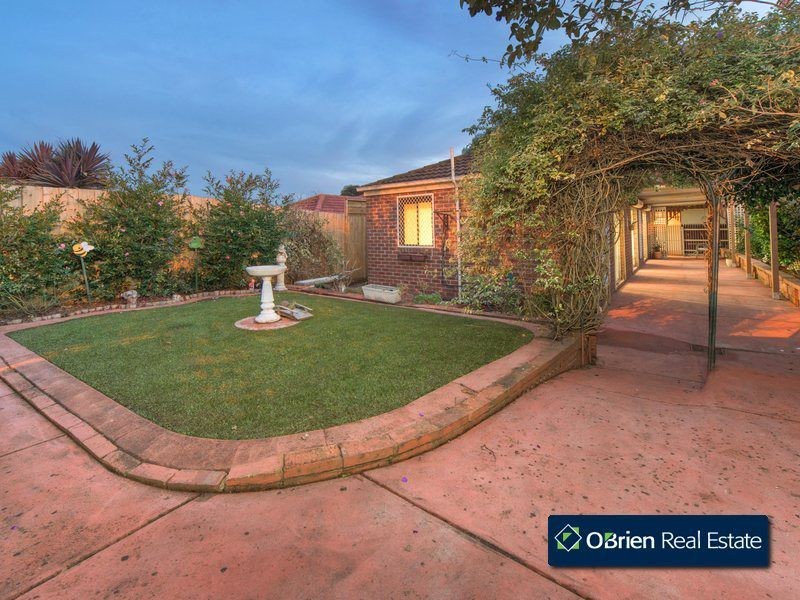 6a Coowarra Way, Berwick VIC 3806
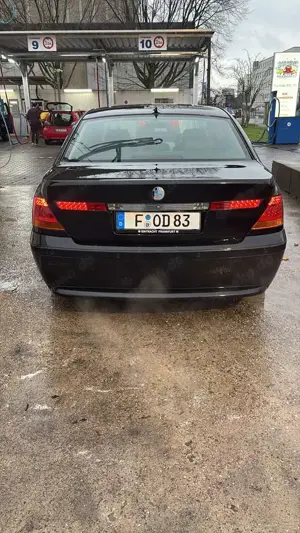 BMW 745 Bild 3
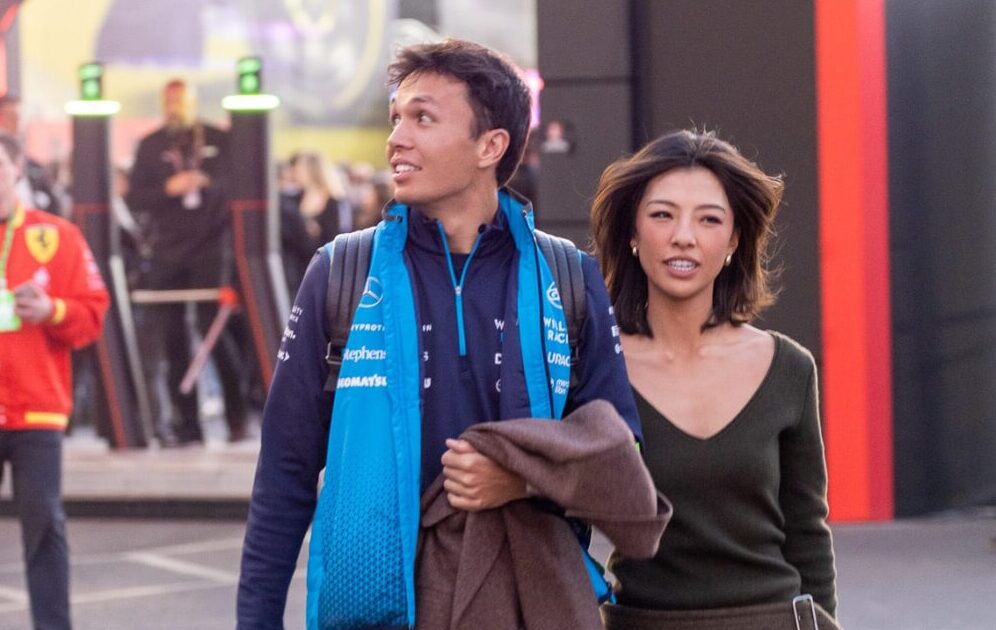 アレックス・アルボンの彼女へ・ムニ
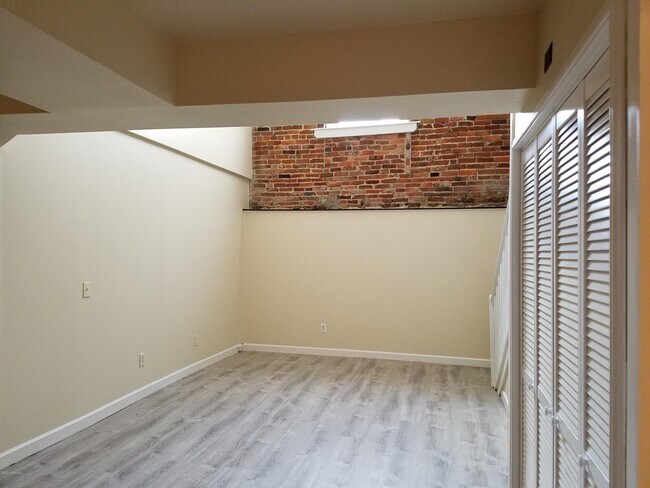 Building Photo - 15 Wilkinson Alley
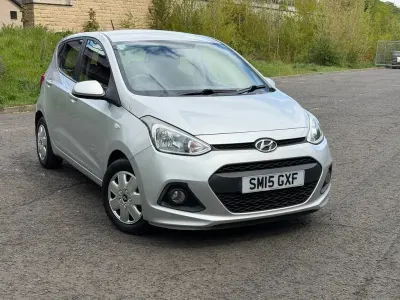 Używany Hyundai i10 SE 87 KM (63 kW) 2015 Srebrny Hatchback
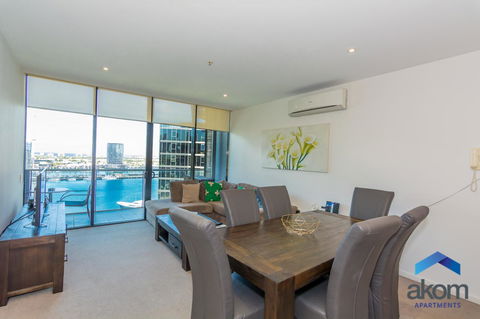 AKOM AT Docklands - Accommodation Gladstone 5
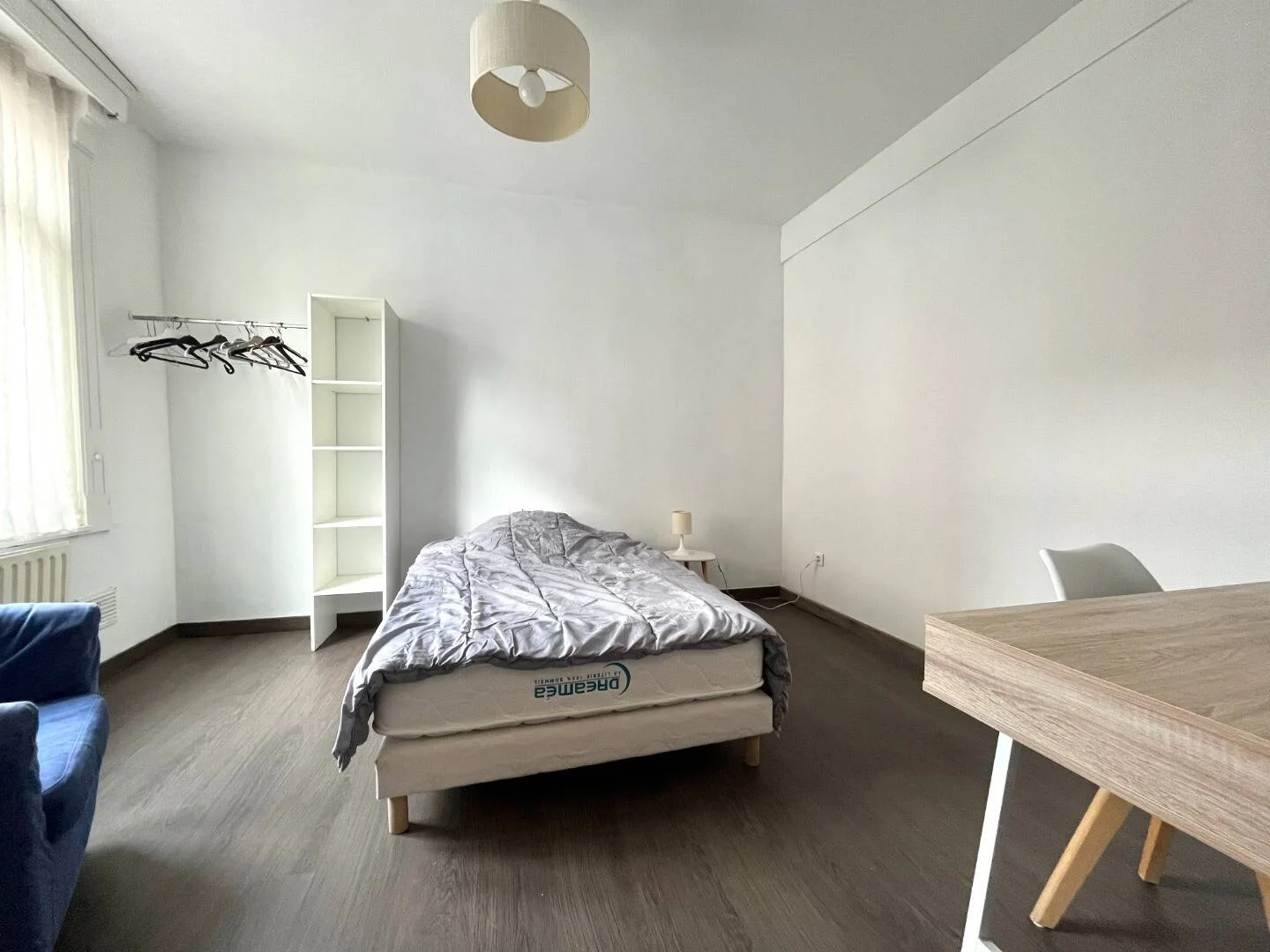Habitación para estudiantes en  con área de estudio y facilidades compartidas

::::::::::

ACTIVITY >> Write out each entry exactly; any pictures stay out of the copy.

SOLUTION TO THIS EXERCISE >>
 6a Coowarra Way, Berwick VIC 3806
 BMW 745 Bild 3
 アレックス・アルボンの彼女へ・ムニ
 Building Photo - 15 Wilkinson Alley
 Używany Hyundai i10 SE 87 KM (63 kW) 2015 Srebrny Hatchback
 AKOM AT Docklands - Accommodation Gladstone 5
Habitación para estudiantes en  con área de estudio y facilidades compartidas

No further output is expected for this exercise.